- To do -
With pictures left out, output exactly the lines of the listing below from the line that has "Salt Glaze Crock" to the line that has "Creative Outline Double", both lines kept.

- Extracted data -
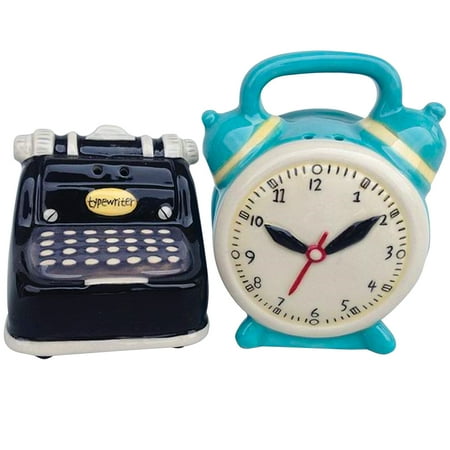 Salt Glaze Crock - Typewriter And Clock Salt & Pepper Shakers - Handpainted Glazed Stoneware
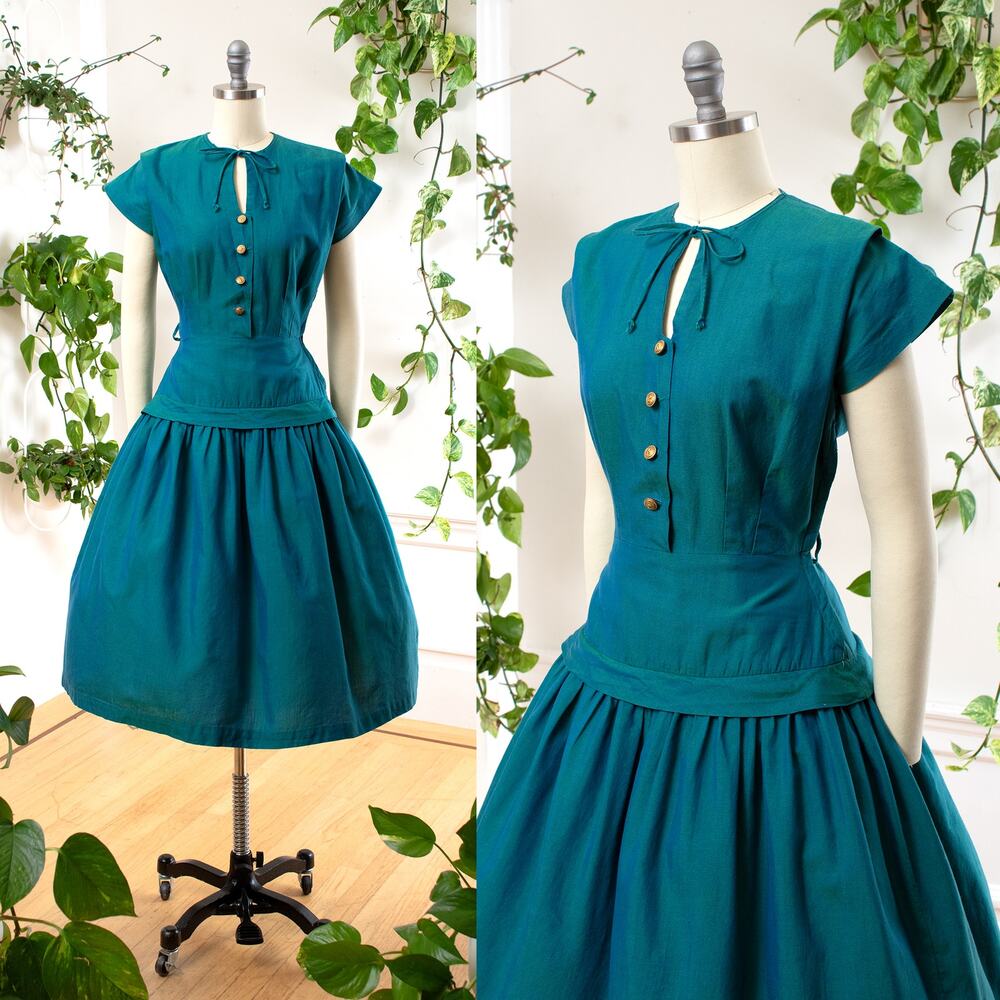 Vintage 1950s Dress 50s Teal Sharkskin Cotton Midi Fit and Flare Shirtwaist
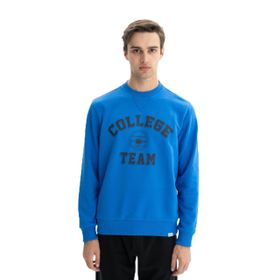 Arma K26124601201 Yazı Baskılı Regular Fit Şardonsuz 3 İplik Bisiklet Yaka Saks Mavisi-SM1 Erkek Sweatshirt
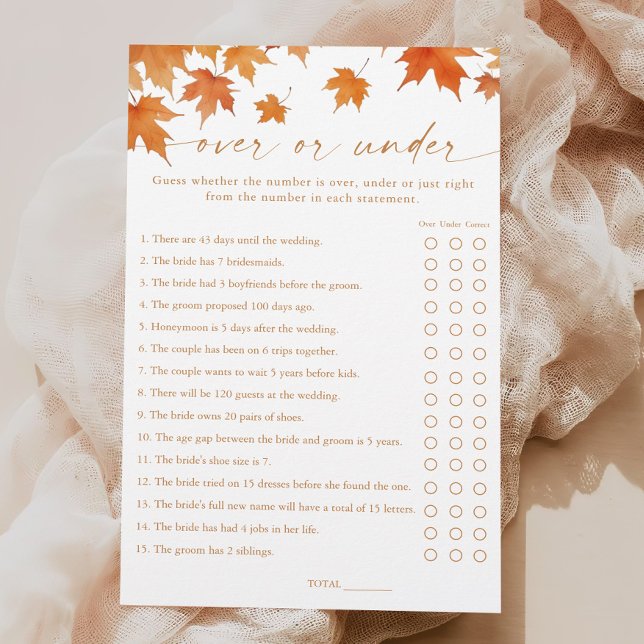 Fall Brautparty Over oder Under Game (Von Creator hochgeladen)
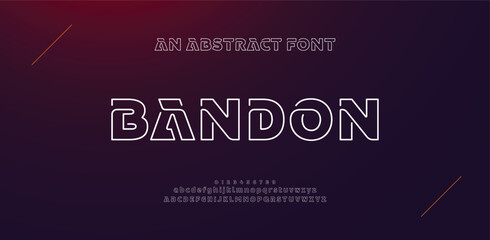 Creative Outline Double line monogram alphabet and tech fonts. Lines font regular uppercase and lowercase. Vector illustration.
---
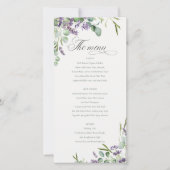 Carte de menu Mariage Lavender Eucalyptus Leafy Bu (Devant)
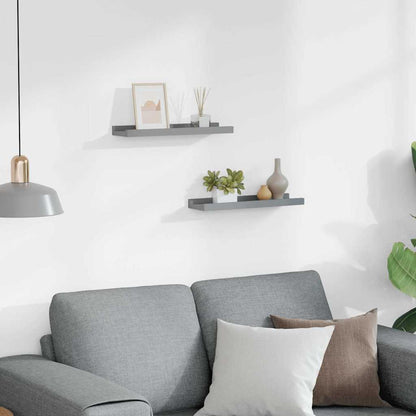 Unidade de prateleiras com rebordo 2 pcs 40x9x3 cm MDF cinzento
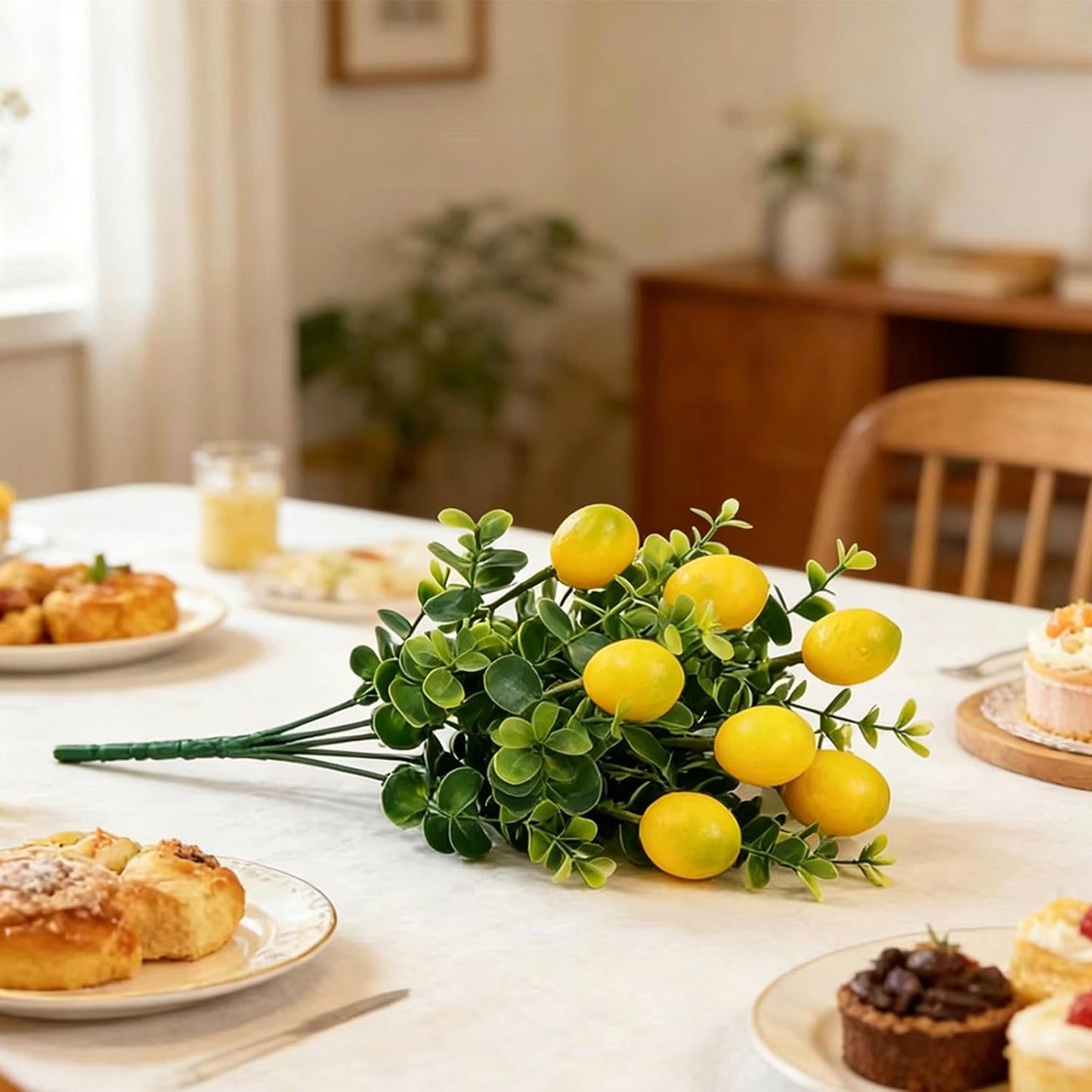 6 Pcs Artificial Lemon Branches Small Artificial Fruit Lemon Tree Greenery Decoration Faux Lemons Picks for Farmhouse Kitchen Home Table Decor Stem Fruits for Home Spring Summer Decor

- Solution to this exercise -
 Salt Glaze Crock - Typewriter And Clock Salt & Pepper Shakers - Handpainted Glazed Stoneware
 Vintage 1950s Dress 50s Teal Sharkskin Cotton Midi Fit and Flare Shirtwaist
 Arma K26124601201 Yazı Baskılı Regular Fit Şardonsuz 3 İplik Bisiklet Yaka Saks Mavisi-SM1 Erkek Sweatshirt
 Fall Brautparty Over oder Under Game (Von Creator hochgeladen)
 Creative Outline Double line monogram alphabet and tech fonts. Lines font regular uppercase and lowercase. Vector illustration.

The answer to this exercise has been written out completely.